Work order - Retype exactly the span of lines below from the one with "Apartament Sloneczny Dziwnow" through the one with "Notre-Dame-de-la-Paix R.C. Cemetery, Papineau, Outaouais, Quebec". Do not include pictures.

Data extracts -
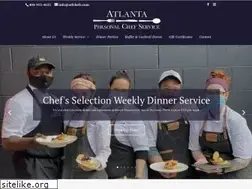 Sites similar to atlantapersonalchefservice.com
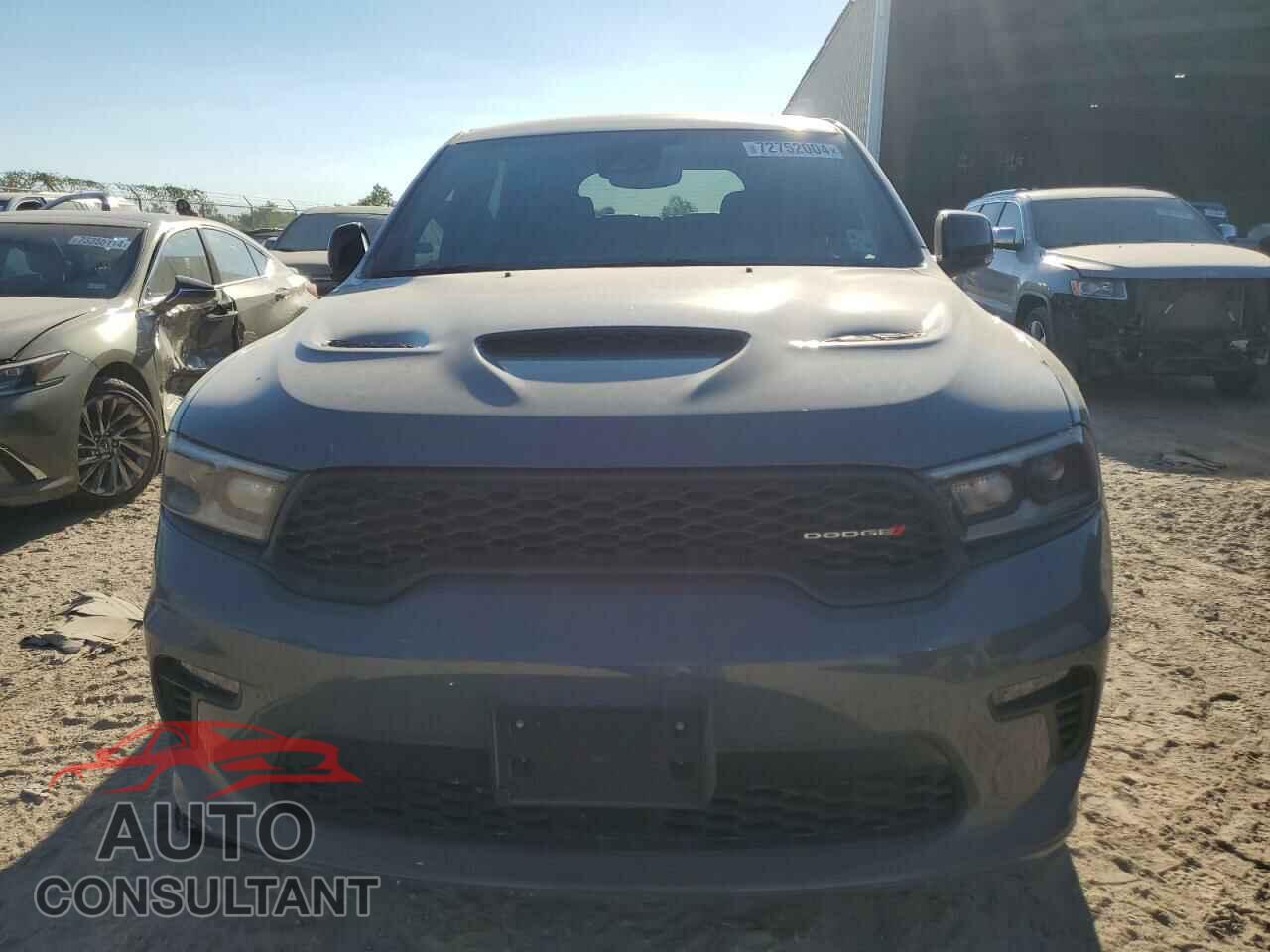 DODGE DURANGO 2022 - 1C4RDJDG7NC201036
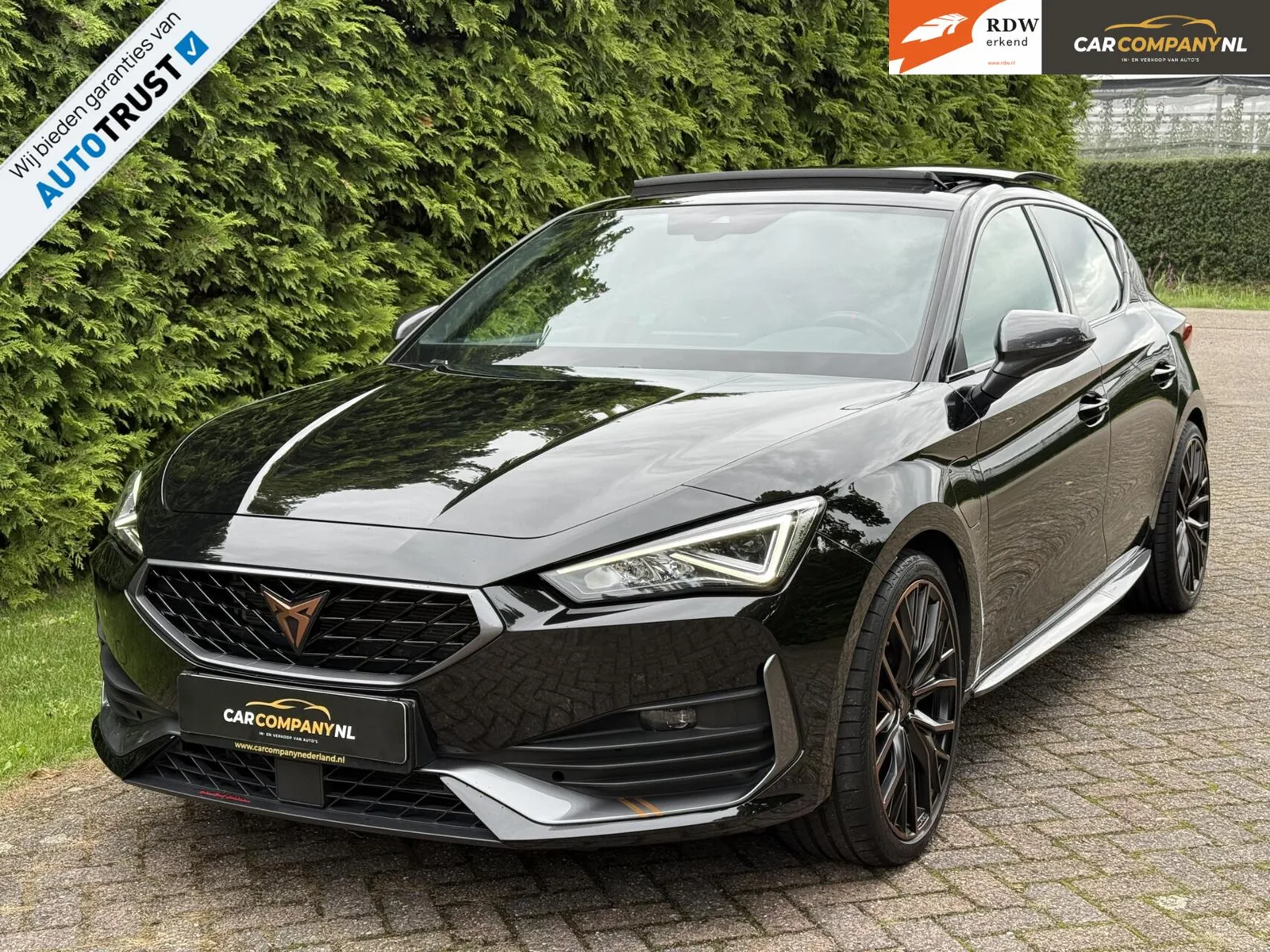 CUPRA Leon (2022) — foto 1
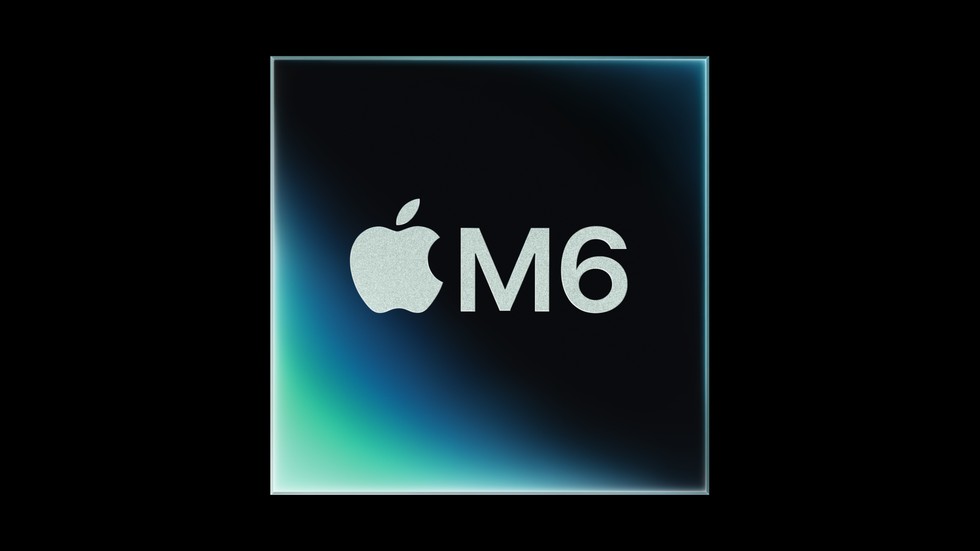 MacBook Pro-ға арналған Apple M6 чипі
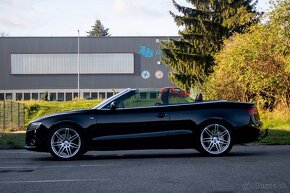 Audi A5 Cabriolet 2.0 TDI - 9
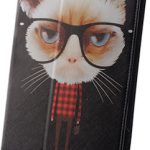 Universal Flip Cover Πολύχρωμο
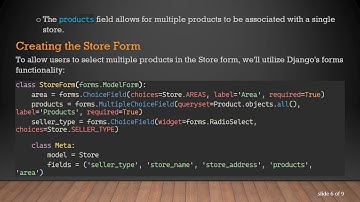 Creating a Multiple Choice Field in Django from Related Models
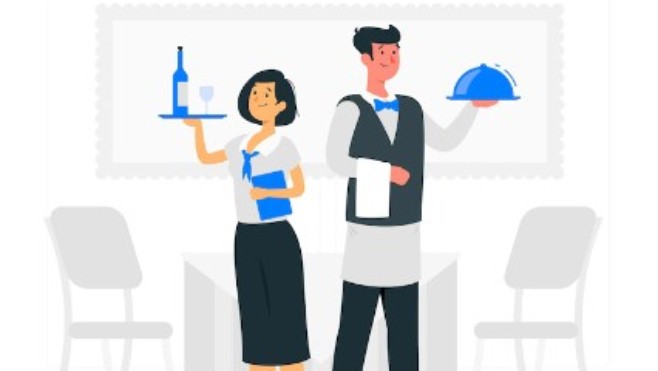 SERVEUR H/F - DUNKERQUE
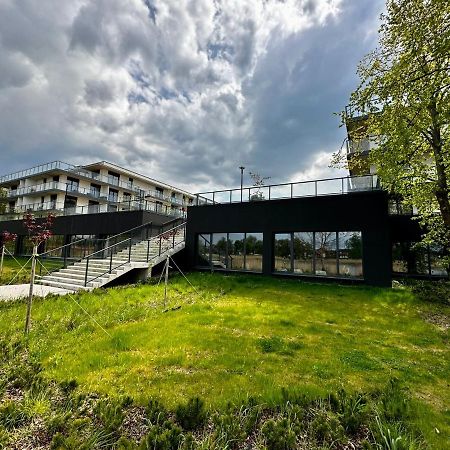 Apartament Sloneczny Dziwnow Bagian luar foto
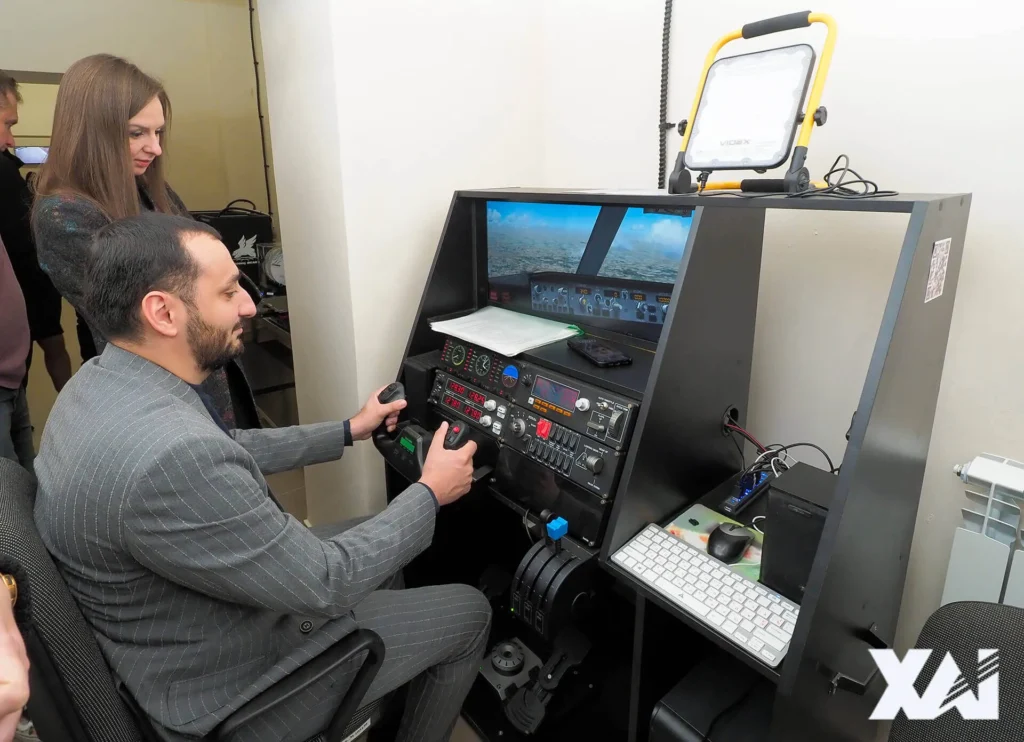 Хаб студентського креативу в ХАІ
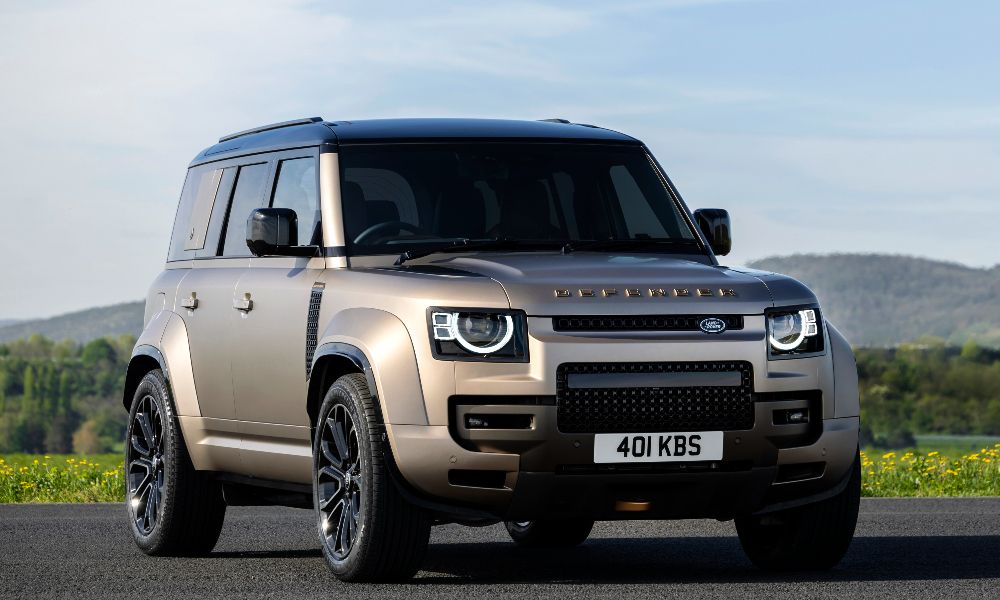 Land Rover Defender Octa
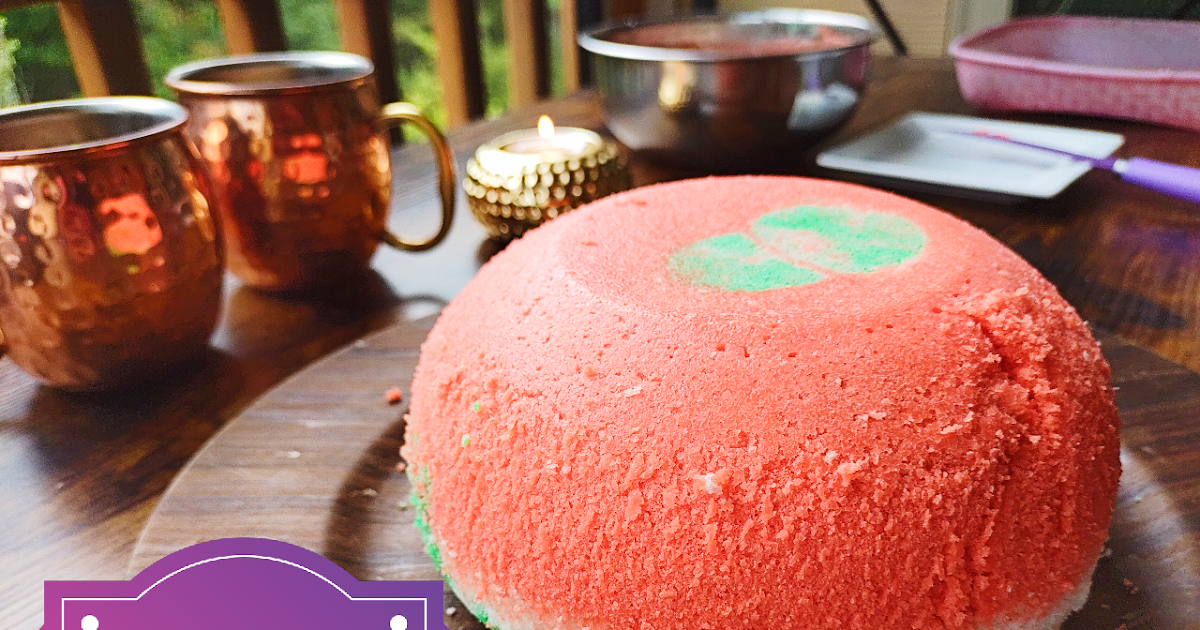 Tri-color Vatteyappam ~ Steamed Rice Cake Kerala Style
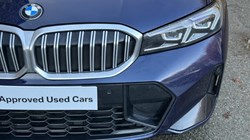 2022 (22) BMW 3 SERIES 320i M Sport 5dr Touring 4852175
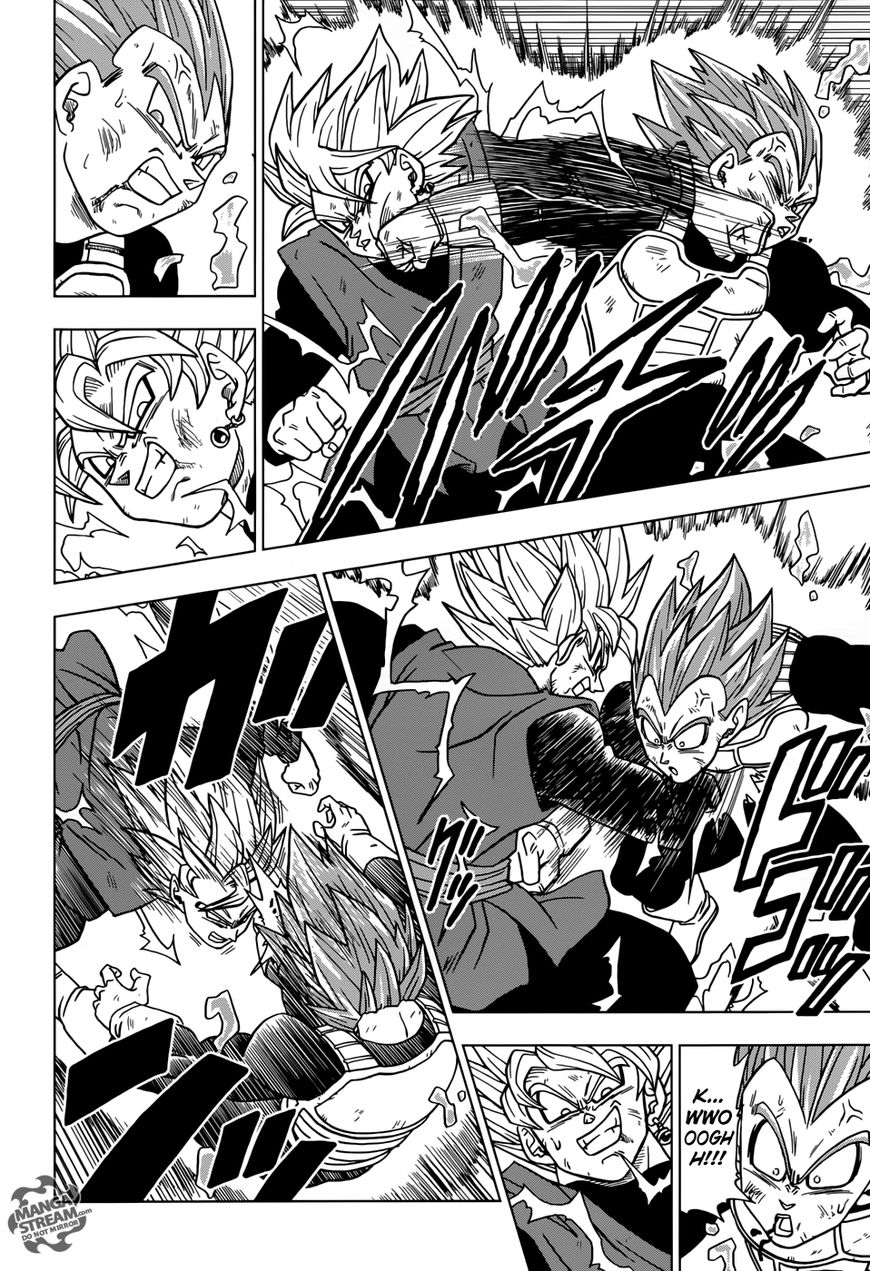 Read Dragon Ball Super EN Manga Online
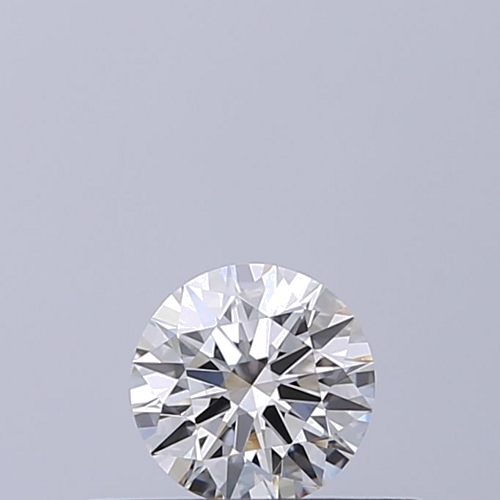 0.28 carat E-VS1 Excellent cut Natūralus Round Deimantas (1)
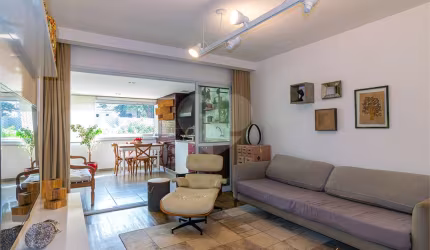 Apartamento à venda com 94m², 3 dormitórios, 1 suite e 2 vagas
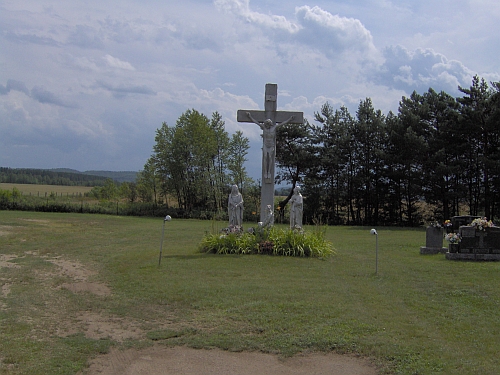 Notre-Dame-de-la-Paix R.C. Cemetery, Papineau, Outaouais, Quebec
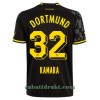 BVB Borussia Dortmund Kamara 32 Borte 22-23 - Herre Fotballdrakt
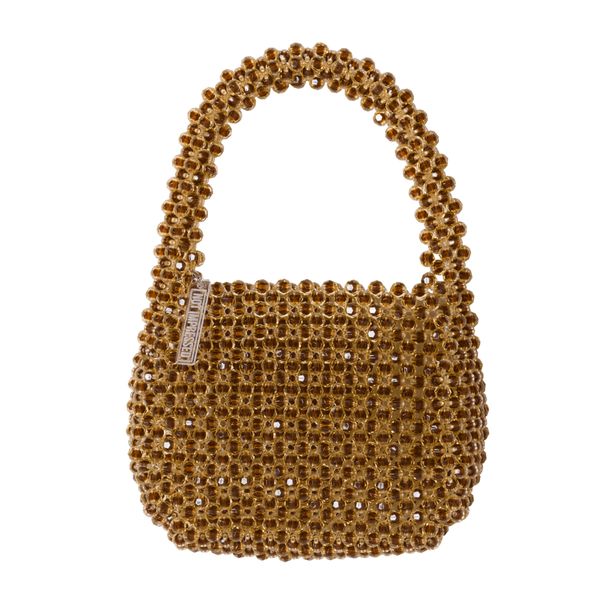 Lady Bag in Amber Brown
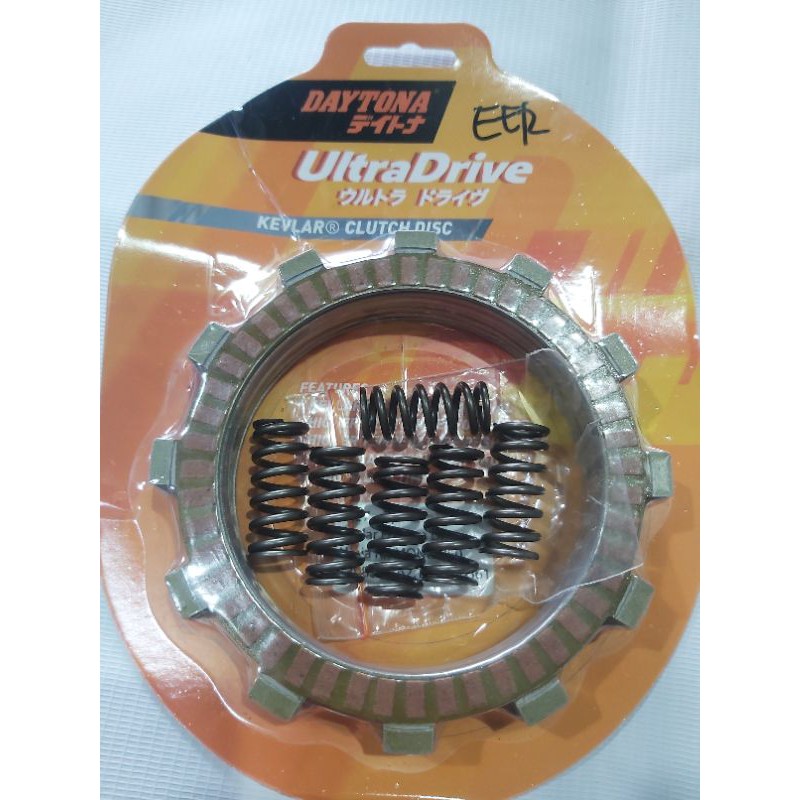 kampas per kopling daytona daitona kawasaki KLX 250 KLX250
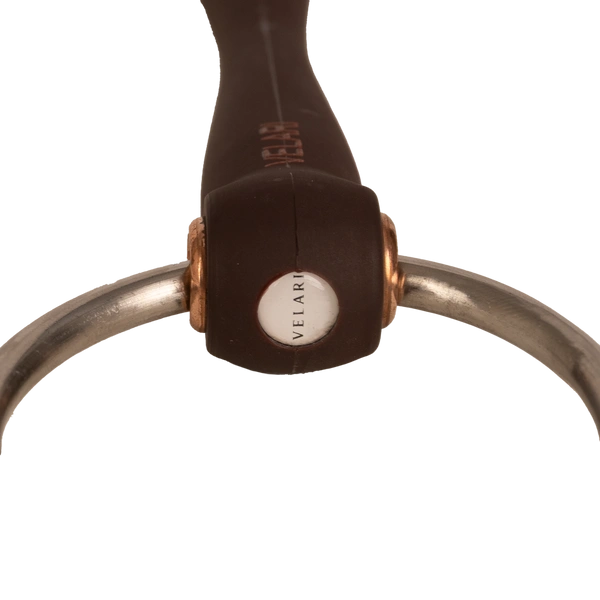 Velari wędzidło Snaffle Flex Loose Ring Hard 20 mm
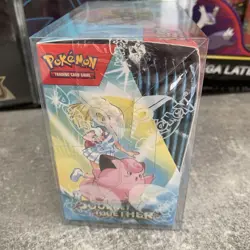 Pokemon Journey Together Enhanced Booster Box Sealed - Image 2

Final answer -
 Apartament Sloneczny Dziwnow Bagian luar foto
 Хаб студентського креативу в ХАІ
 Land Rover Defender Octa
 Tri-color Vatteyappam ~ Steamed Rice Cake Kerala Style
 2022 (22) BMW 3 SERIES 320i M Sport 5dr Touring 4852175
 Read Dragon Ball Super EN Manga Online
 0.28 carat E-VS1 Excellent cut Natūralus Round Deimantas (1)
 Apartamento à venda com 94m², 3 dormitórios, 1 suite e 2 vagas
 Notre-Dame-de-la-Paix R.C. Cemetery, Papineau, Outaouais, Quebec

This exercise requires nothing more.